To see how this package is intended to be used, you can look at the example directory. All you need to do is have a main package (e.g. example); call migrations.Run with the directory you want the migration files to be saved in (which will be the same directory of the main package, e.g. example), an instance of *pg.DB, and os.Args; and log any potential errors that could be returned.

Once this has been set up, then you can use the create, migrate, rollback, help commands like so:

$ go run example/*.go create create_users_table
Creating example/20180812001528_create_users_table.go...

$ go run example/*.go migrate
Running batch 1 with 1 migration(s)...
Finished running "20180812001528_create_users_table"

$ go run example/*.go rollback
Rolling back batch 1 with 1 migration(s)...
Finished rolling back "20180812001528_create_users_table"
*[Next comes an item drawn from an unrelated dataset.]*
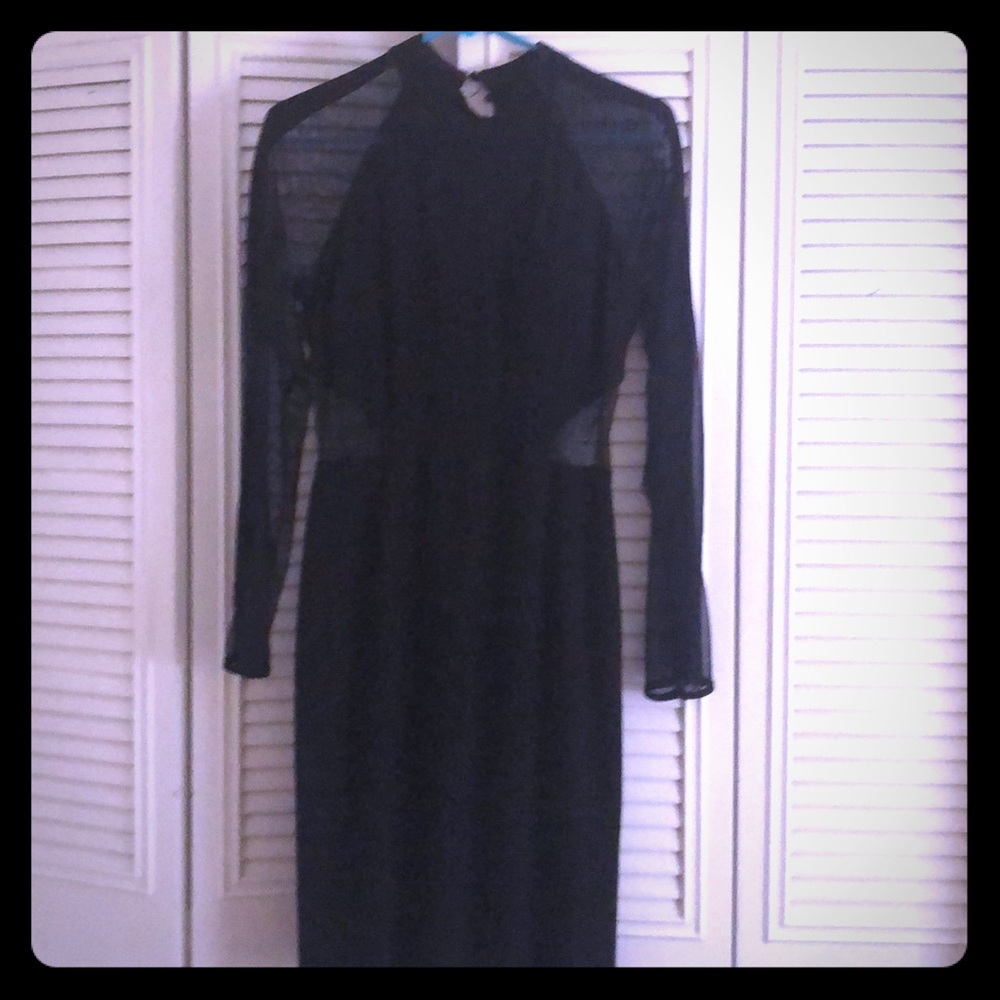 Sheer long sleeve black dress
$ go run example/*.go help
Usage:
  go run example/*.go [command]

Commands:
  create   - create a new migration in example with the provided name
  migrate  - run any migrations that haven't been run yet
  rollback - roll back the previous run batch of migrations
  help     - print this help text

Examples:
  go run example/*.go create create_users_table
  go run example/*.go migrate
  go run example/*.go rollback
  go run example/*.go help

While this works when you have the Go toolchain installed, there might be a scenario where you have to run migrations and you don't have the toolchain available (e.g. in a scratch or alpine Docker image deployed to production). In that case, you should compile another binary (in addition to your actual application) and copy it into the final image. This will include all of your migrations and allow you to run it by overriding the command when running the Docker container.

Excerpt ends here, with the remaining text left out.